Resilience Series Part 4: Goal Setting

Article at a Glance:

  • Setting realistic and attainable goals will help your children become successful throughout their lives.
  • Goal setting helps give children and teens a sense of control over situations, especially during stressful, unpredictable times.
  • Attaining goals helps builds resiliency, a skill that can be strengthened through practice.

In this series, we’ll be looking at ways to help teach children and teens resilience. It can be difficult to process disappointment, trauma, stress, anxiety, or depression and all of the negative feelings that can come with it. Resiliency will help children and teens deal with these negative feelings in a healthy and appropriate manner. Resilience is a skill, and like any skill, it can be strengthened through practice.

Learning how to set realistic and attainable goals will help your children and teens become successful throughout their lives. More importantly, it will teach them they are capable of accomplishing things.

  • Teach your child the basics of SMART goal-setting. This acronym stands for Specific, Measurable, Attainable, Realistic, and Timely. If their goal doesn’t contain on all these elements, it’s probably too vague to be successful. For example, “get better at math” isn’t a SMART goal. But, “practice multiplication tables ten minutes per day for two weeks” is a goal they can measure and achieve in a short time span.
  • Help your child evaluate current situations and goals to see what’s working well and what isn’t working at all. 
  • Brainstorm with them about how they can make changes to the parts of their life aren’t working. If a goal isn’t working, help them to set a new goal. 
  • Help them evaluate the scope of their goals and to break larger goals into smaller steps to help them become more attainable. 
  • Help them to set short-term, mid-term, and long-term goals and teach them how to determine the appropriate time frame for what they want to accomplish.

Goal setting doesn’t have to be all or nothing.
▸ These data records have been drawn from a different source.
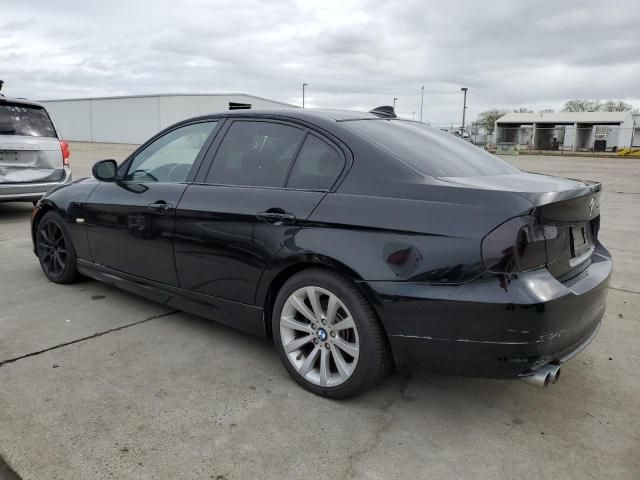 2011 BMW 328 XI Sulev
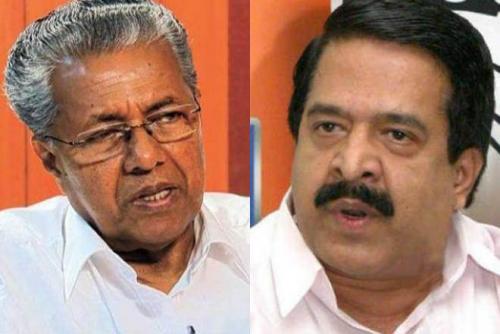 സൈബർ ഗുണ്ടകളുടെ നിലവാരത്തിലേക്ക് മുഖ്യമന്ത്രി താഴരുതെന്ന് ചെന്നിത്തല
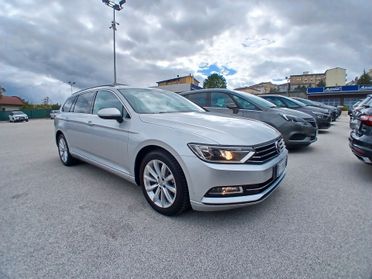 Volkswagen Passat 2.0 TDI 150CV SW 2016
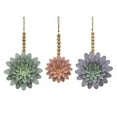 thumbnail image 1 of Plutus Brands PBTH92250 Metal Botanical Wall Decor in Multi Color - Set of 3, 1 of 1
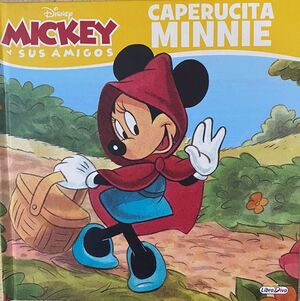 CAPERUCITA MINNIE LD0851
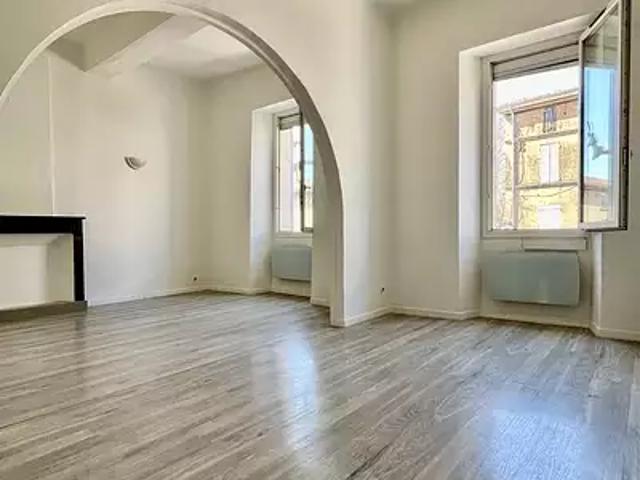 Saint Zacharie 83640 Achat / Vente appartement 3 pièces t3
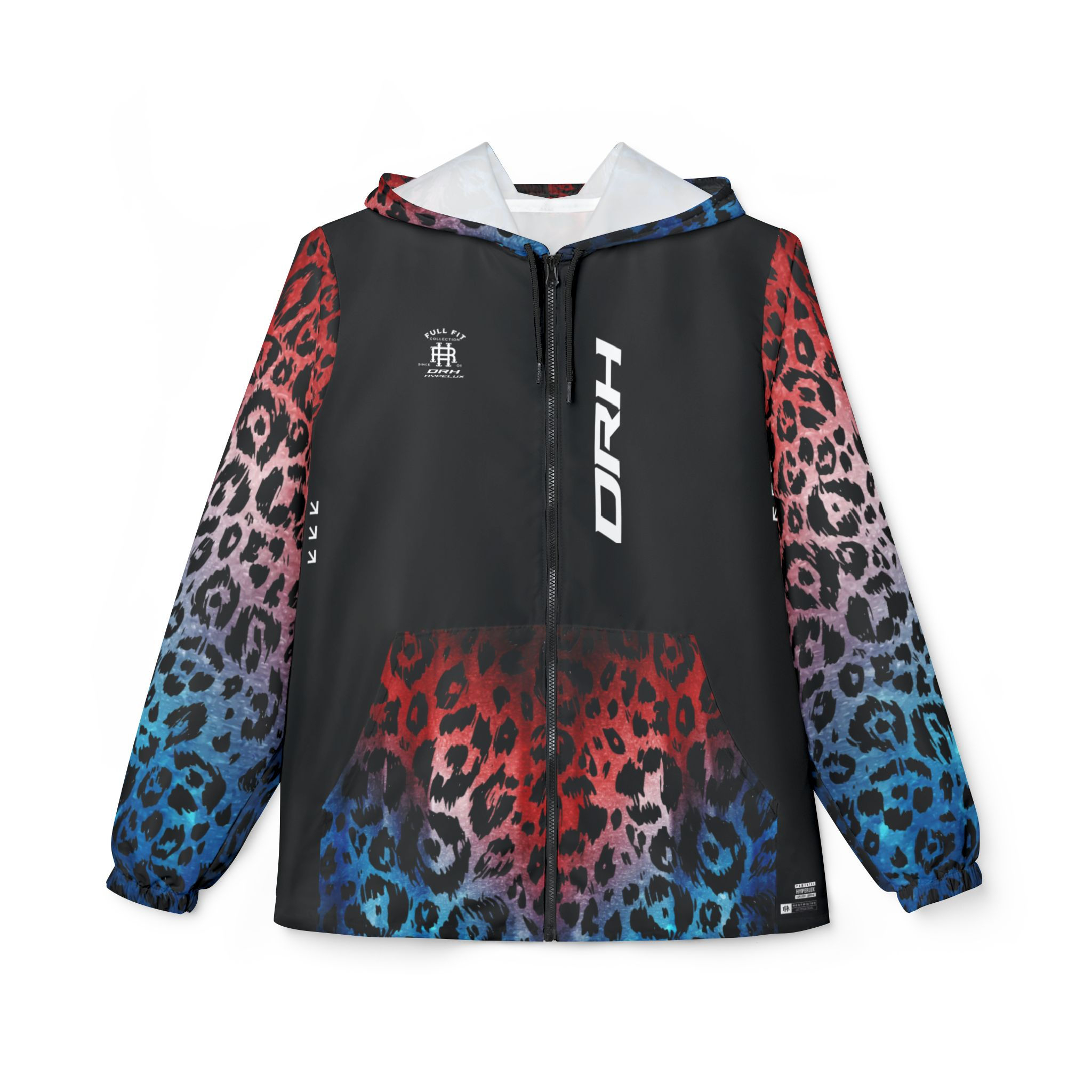 DRH HYPERLUX DELUXE Windbreaker Jacket {CO}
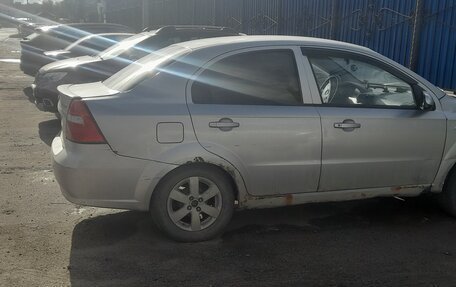 Chevrolet Aveo III, 2007 год, 120 000 рублей, 4 фотография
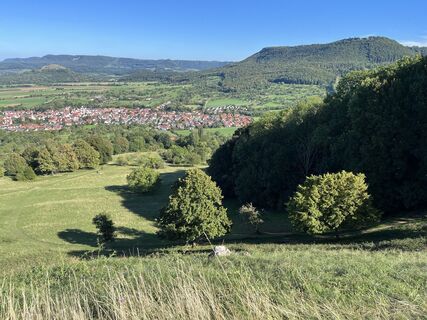 Foto von Marco Kereit entlang der Tour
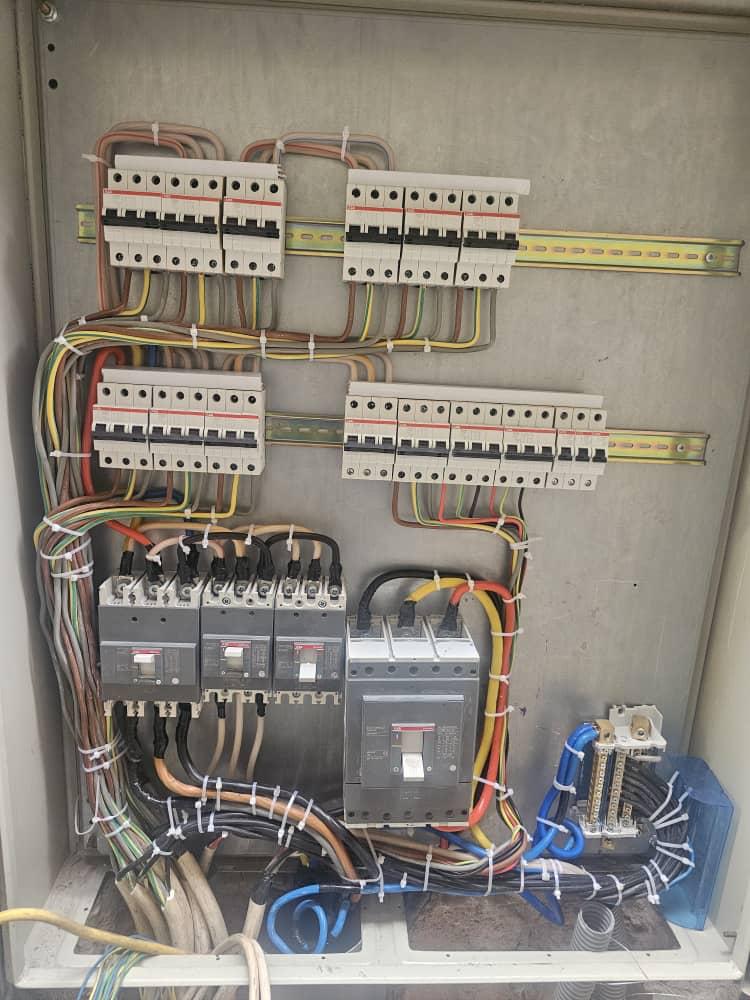 Électricité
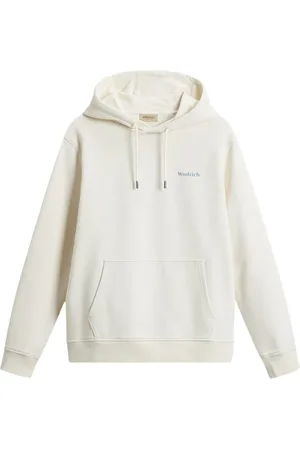 Woolrich Hoodie mit grafischem Print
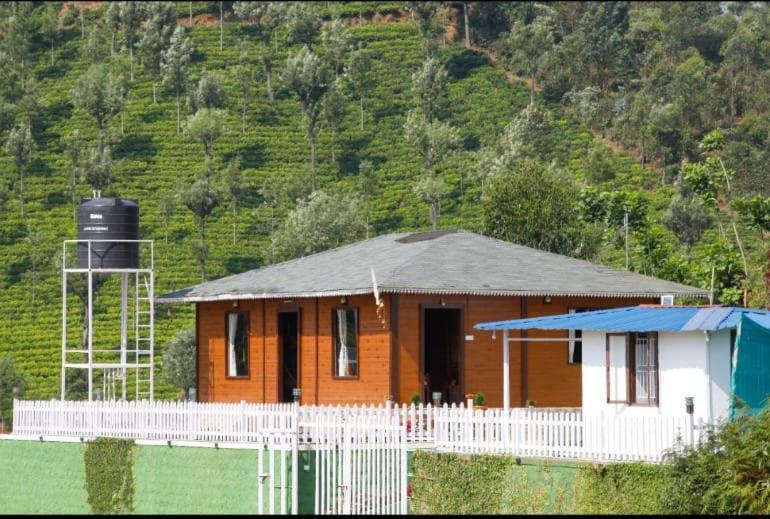 Villa Vicky Wood House Udagamandalam Exterior foto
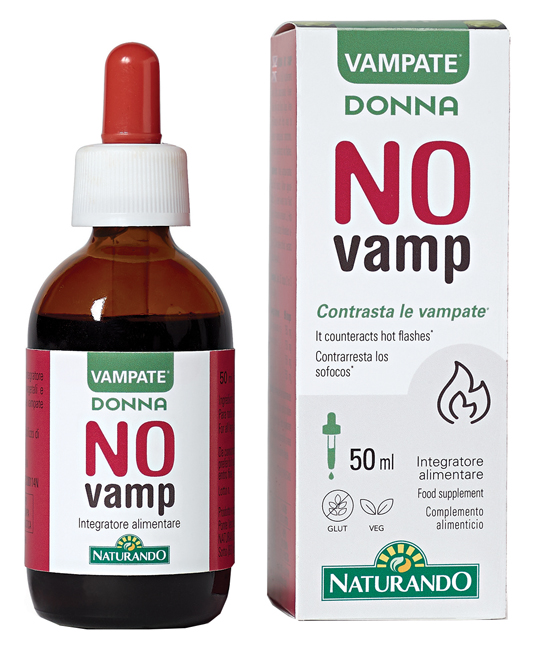 DONNA NO VAMP GOCCE 50 ML - Farmadillo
If you’re trying to cut out soda, make a goal to avoid soda one day per week. Over time, you can increase the goal to two, then three days. Each time you meet your goal, your confidence will grow. Reaching a full 7 days per week without soda will be  both easier and more sustainable.

Having goals to work on helps keep us all focused on something other than events that cause stress, anxiety, or depression. Setting goals that are related to those events can help give teens a sense of control over those situations. The more they practice goal setting, the stronger their resilience will become.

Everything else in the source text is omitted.